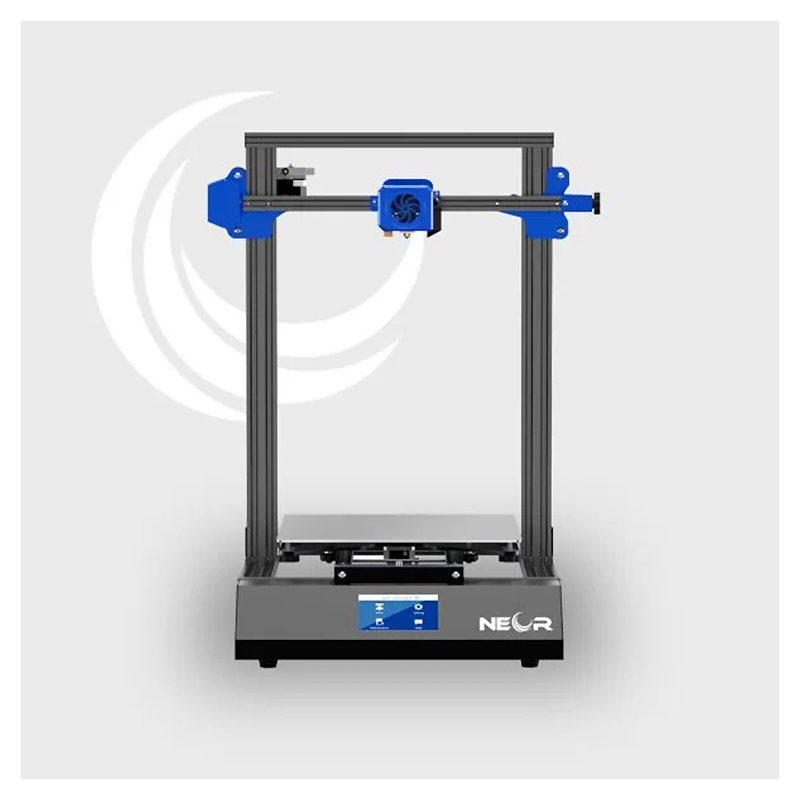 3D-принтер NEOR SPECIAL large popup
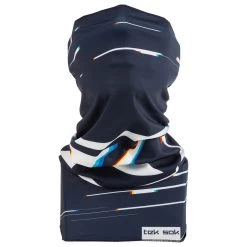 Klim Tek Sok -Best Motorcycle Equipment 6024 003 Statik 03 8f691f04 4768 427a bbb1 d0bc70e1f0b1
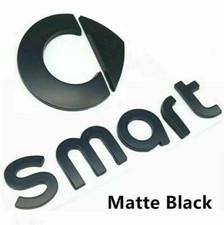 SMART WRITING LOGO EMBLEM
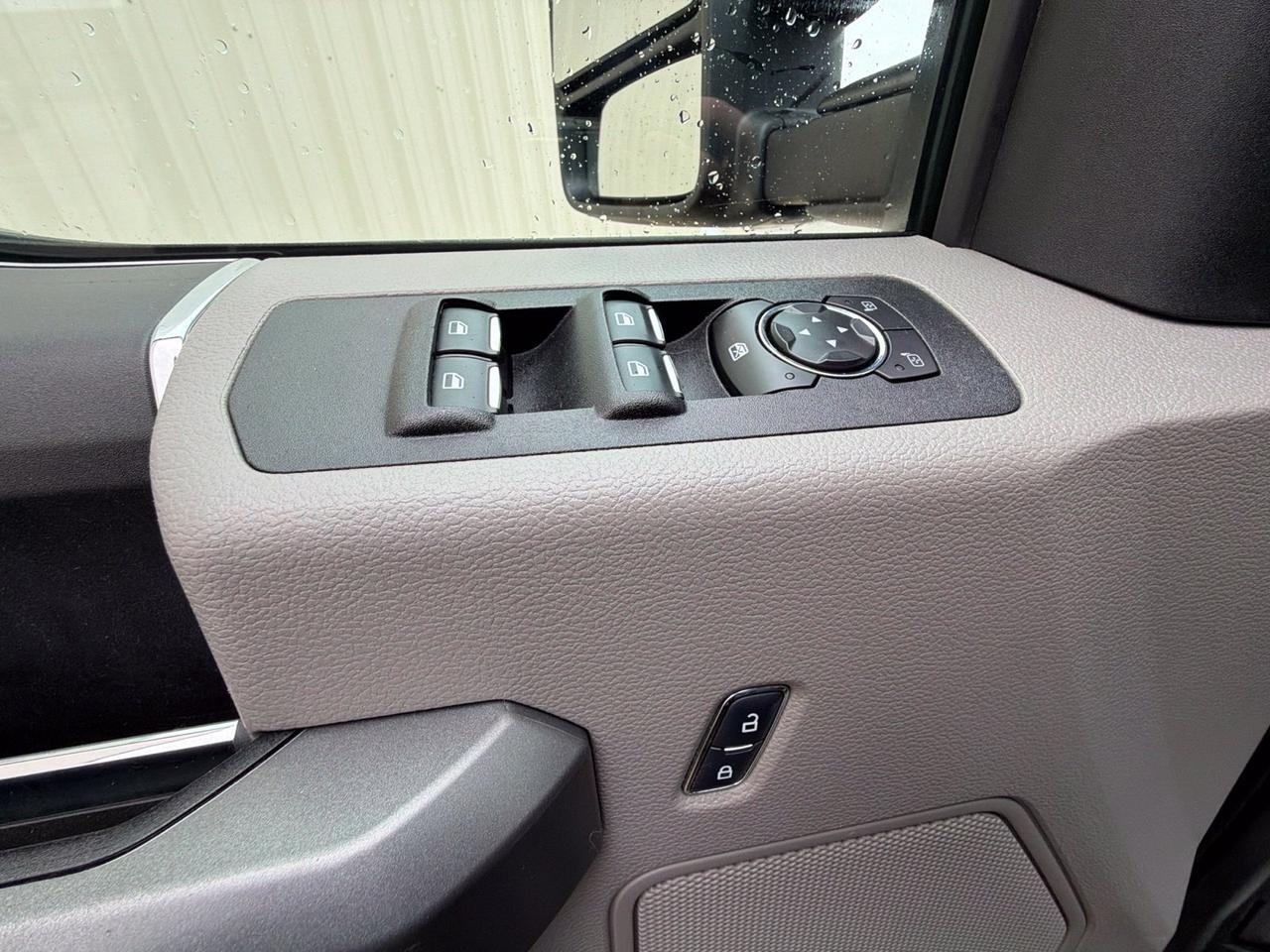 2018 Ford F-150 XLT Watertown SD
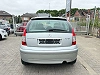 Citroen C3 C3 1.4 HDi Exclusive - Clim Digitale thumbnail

Instructions for the task: What should appear is an exact reproduction of the lines from the one with "Klim Tek Sok" through the end of the material above, and no pictures.

Result of the exercise:
 Klim Tek Sok -Best Motorcycle Equipment 6024 003 Statik 03 8f691f04 4768 427a bbb1 d0bc70e1f0b1
 SMART WRITING LOGO EMBLEM
 2018 Ford F-150 XLT Watertown SD
 Citroen C3 C3 1.4 HDi Exclusive - Clim Digitale thumbnail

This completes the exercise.